History

Georgi Gerganov fbc8f49f3c llama : simplify		2025-11-29 17:01:00 +02:00
..
CMakeLists.txt	ggml : move AMX to the CPU backend (#10570 )	2024-11-29 21:54:58 +01:00
README.md	sampling : remove backend-dist option (wip)	2025-11-25 14:01:23 +01:00
batched.cpp	llama : simplify	2025-11-29 17:01:00 +02:00

README.md

llama.cpp/example/batched

The example demonstrates batched generation from a given prompt

./llama-batched -m ./models/llama-7b-v2/ggml-model-f16.gguf -p "Hello my name is" -np 4 --kv-unified

...

main: n_len = 32, n_ctx = 2048, n_parallel = 4, n_kv_req = 113

 Hello my name is

main: generating 4 sequences ...

main: stream 0 finished
main: stream 1 finished
main: stream 2 finished
main: stream 3 finished

sequence 0:

Hello my name is Shirley. I am a 25-year-old female who has been working for over 5 years as a b

sequence 1:

Hello my name is Renee and I'm a 32 year old female from the United States. I'm looking for a man between

sequence 2:

Hello my name is Diana. I am looking for a housekeeping job. I have experience with children and have my own transportation. I am

sequence 3:

Hello my name is Cody. I am a 3 year old neutered male. I am a very friendly cat. I am very playful and

main: decoded 108 tokens in 3.57 s, speed: 30.26 t/s

llama_print_timings:        load time =   587.00 ms
llama_print_timings:      sample time =     2.56 ms /   112 runs   (    0.02 ms per token, 43664.72 tokens per second)
llama_print_timings: prompt eval time =  4089.11 ms /   118 tokens (   34.65 ms per token,    28.86 tokens per second)
llama_print_timings:        eval time =     0.00 ms /     1 runs   (    0.00 ms per token,      inf tokens per second)
llama_print_timings:       total time =  4156.04 ms

Using backend samplers

It is possible to run this example using backend samplers so that sampling is performed on a backend device, like a GPU.

./llama-batched \
    -m models/Qwen2.5-VL-3B-Instruct-Q8_0.gguf -p "Hello my name is" \
    -np 4 \
    -kvu \
    --backend_sampling \
    --samplers 'top_k;temperature' \
    --top-k 80

The samplers specified with --samplers must be supported by the backend and this is why we are explicitly specifying only top_k and temperature here as at the time of writing these are supported.

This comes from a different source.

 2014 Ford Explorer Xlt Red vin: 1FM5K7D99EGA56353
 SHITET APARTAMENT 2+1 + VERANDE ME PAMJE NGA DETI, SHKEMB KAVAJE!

The --verbose flag can be added to see more detailed output and also show that the backend samplers are being used.

With --backend_sampling enabled, the sampler chain is automatically analyzed to determine which samplers can run on the backend. The system finds the longest contiguous chain of backend-supported samplers from the start of the sampler sequence. For example:

If the chain is top-k -> temperature -> top-p, and both top-k and temperature are backend-supported but top-p is not, then top-k and temperature will run on the backend, while top-p and subsequent samplers run on the CPU.
If all configured samplers are supported, the final distribution sampling will also happen on the backend, transferring only the sampled token IDs back to the host.
If the sampler chain starts with an unsupported sampler (e.g., penalties), all sampling runs on the CPU.

Note: The default sampler chain includes penalties as the first sampler, which is not backend-supported yet. To use backend sampling, you must explicitly configure a sampler chain that starts with backend-supported samplers using --samplers like shown above.